Data Engineering

  1. In Kinesis Data Stream, number_of_shards = max (incoming_write_bandwidth_in_KB/1000, outgoing_read_bandwidth_in_KB/2000)


    incoming_write_bandwidth_in_KB = average_data_size_in_KB multiplied by the number_of_records_per_seconds.

    outgoing_read_bandwidth_in_KB = incoming_write_bandwidth_in_KB multiplied by the number_of_consumers.

  2. Glue cannot write the output in RecordIO-Protobuf format. Lambda is not suited for long-running processes such as the task of transforming 1TB data into RecordIO-Protobuf format. Kinesis Firehose is not meant to be used for batch processing use cases and it cannot write data in RecorIO-Protobuf format. Apache Spark (running on the EMR cluster in this use-case) can write the output in RecorIO-Protobuf format.

  3. Glue’s FindMatches feature is a new way to perform de-duplication as part of Glue ETL, and is a simple, server-less solution to the problem.

  4. AWS Glue does not support timestream as the source input type.

  5. Converting the data to recordIO-protobuf file type can significantly improve the training time with a marginal increase in cost to store the recordIO-protobuf data on S3. Spinning up EMR clusters would be costly and require complex infrastructure maintenance.

  6. For those SageMaker supervised learning algorithms which require the training data to be in CSV format, the target variable should be in the first column and it should not have a header record.

  7. Kinesis Firehose can transform data to Parquet format and store it on S3 without provisioning any servers. Also this transformed data can be read into an Athena Table via a Glue Crawler and then the underlying data is readily available for ad-hoc analysis. Although Glue ETL Job can transform the source data to Parquet format, it is best suited for batch ETL use cases and it’s not meant to process streaming data. EMR cluster is not an option as the company does not want to manage the underlying infrastructure.

  8. Athena performs much more efficiently and at lower cost when using columnar formats such as Parquet or ORC, and that Kinesis Firehose has the ability to convert JSON data to Parquet or ORC format on the fly.

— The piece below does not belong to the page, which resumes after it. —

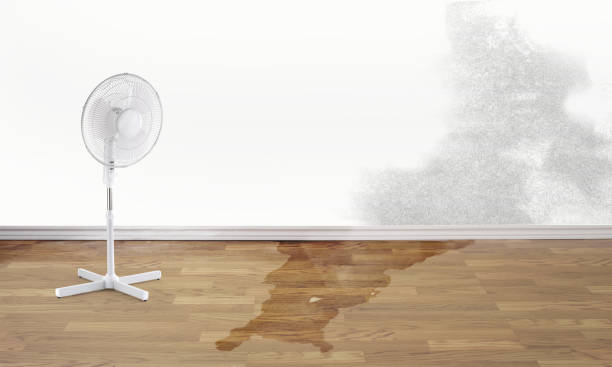  Moulton, AL Water damage restoration Pros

  9. Athena supports a wide variety of data formats such as CSV, JSON, ORC, Avro, or Parquet.

  10. Athena automatically executes queries in parallel, so that you get query results in seconds, even on large dataset; Athena leverages Hive for partitioning data. There are two types of cost controls in Amazon Athena:

    per-query limit

    – per-workgroup limit

    If the query in Athena exceeded the limit, all the succeeding queries will be canceled. Therefore, the type of cost control you need to use is the per-query limit or the per query data usage control. The per-query control limit specifies the total amount of data scanned per query. You can create only one per-query control limit in a workgroup, and it applies to each query that runs in it.

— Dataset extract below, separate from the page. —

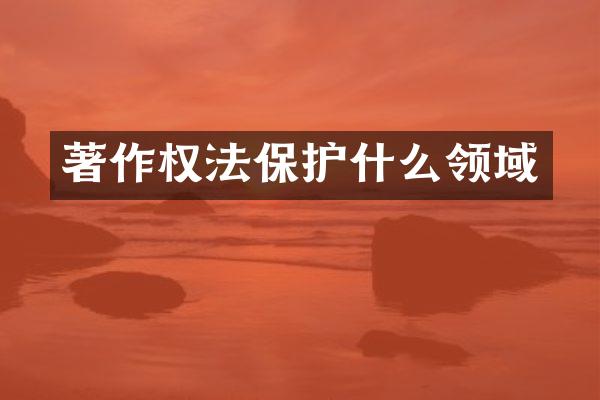 著作权法保护什么领域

  11. Athena integrates with Amazon QuickSight for easy data visualization.

  12. Kinesis Data Firehose needs the following three elements to convert the input data format to Parquet/ORC format:

    1. Deserializer to read JSON data (Input must be in JSON only, If not use a lambda to convert to JSON),

    2. Schema using AWS Glue to interpret the input data,

    3. Serializer to convert the data to target columnar storage format (Parquet/ORC).

  13. A Glue crawler connects to the data store that can be Amazon S3, RDS, Redshift, DynamoDB, or JDBC (Java Database Connectivity Interface).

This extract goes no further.